Last updated · 2026-05-16

Security

How Gentity is built to keep one user's agent away from another's, and what we're explicit about not having yet. We'd rather under-promise than overstate compliance posture.

Isolation model

Every agent instance runs in its own Firecracker microVM on Fly Machines — not a container on a shared kernel. A runaway loop or compromise inside one instance cannot reach the filesystem, process tree, or network namespace of any other instance, including other instances owned by the same account.

Each microVM has:

  • Its own kernel and minimal root filesystem.
  • Its own block-mounted Fly Volume for persistent state.
  • Its own private IPv6 address (6PN) and outbound NAT for the public internet.
  • A unique public subdomain with auto-issued Let's Encrypt TLS.

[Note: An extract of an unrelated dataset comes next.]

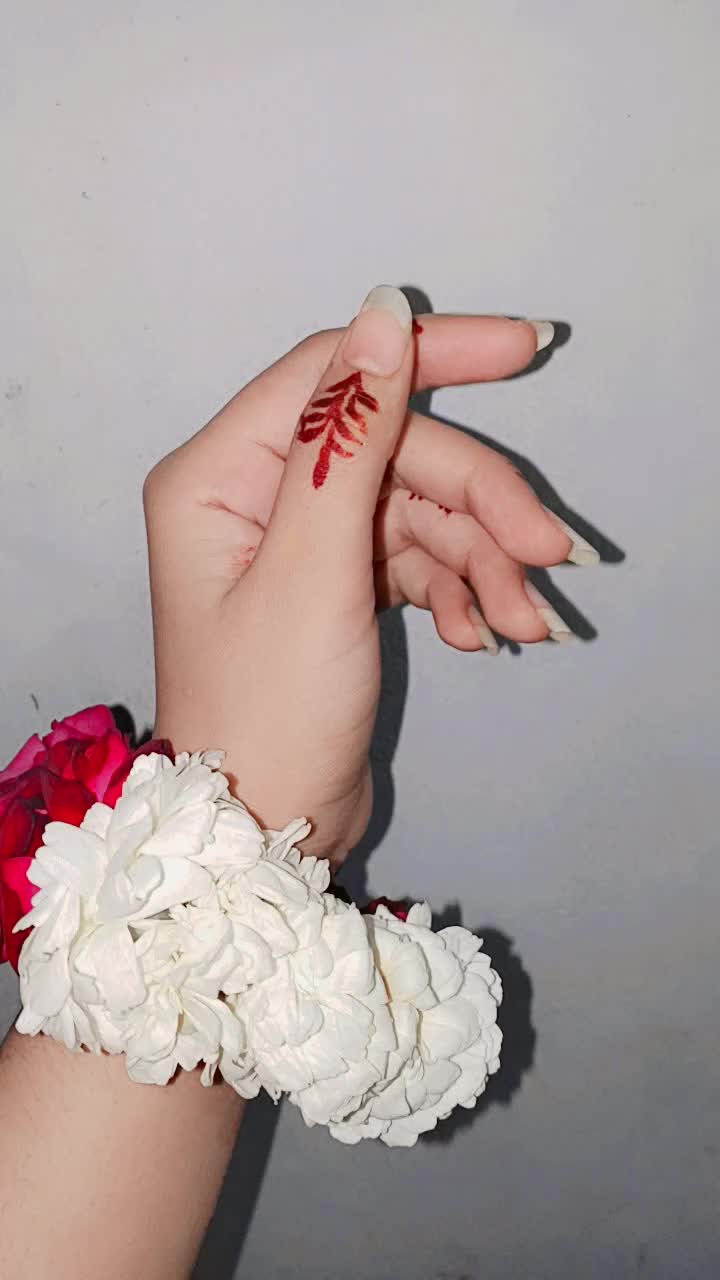 @☬✬❆𝐌𝐀𝐍𝐎 𝐁𝐢𝐋𝐢❆✬☬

Outbound network from an instance is unrestricted by default — agents need to call LLM APIs, fetch packages, scrape web pages. Inbound traffic is allowed only on the agent's declared port, only over HTTPS, only via the subdomain.

Data at rest

WhatHow
Per-instance volumesEncrypted at the Fly Volume layer (block-level, AES-XTS). Decryption keys held by Fly; tied to the volume.
Model provider API keysApplication-level encryption with AES-256-GCM. Encrypted before hitting Postgres; decrypted only at instance create / start to inject as an env var. We can't recover plaintext from a database dump alone.
API tokens (gn_live_…)We store sha256 of the token, not the token itself. A leaked database snapshot can't be used to call our API.
OAuth session tokensStored server-side, looked up by the cookie value (also random, unguessable). Sessions can be revoked by deleting the row.
Database (Postgres)Hosted on Fly with disk-level encryption. Backups are encrypted and retained 90 days.

Data in transit

  • All public endpoints (gentity.ai, <subdomain>.gentity.ai) require HTTPS. HTTP is redirected.
  • TLS certificates are issued by Let's Encrypt and rotated automatically.
  • Internal traffic between the control plane and Fly Machines uses Fly's 6PN private mesh.
  • The WebSocket terminal proxy (compute ssh) inherits the same TLS — no plaintext fallback.

Authentication and authorization

  • Dashboard sign-in via GitHub or Google OAuth. We don't store passwords.
  • API access via Bearer tokens (gn_live_…). Mint and revoke at /dashboard/settings/tokens.
  • Tokens scope to the entire user account. Mint one per machine / CI environment so they can be revoked individually.
  • Every API route checks Bearer token first, then session cookie. Both paths resolve to the same user-id check before any data access.

The subdomain caveat

Anyone who knows <your-subdomain>.gentity.aican reach your agent's UI directly (no Gentity-level auth in front of it). We chose this model because each agent has its own auth surface upstream, and adding a second layer would break workflows like embedding the agent UI in an iframe or hitting it from a CI pipeline.

Mitigations on our end:

  • Subdomains are random 8-character strings with a 2-character agent prefix. Effectively unguessable.
  • They're only handed out to the account that created the instance. We don't list them publicly.
  • You can compute stop any time to take the subdomain offline.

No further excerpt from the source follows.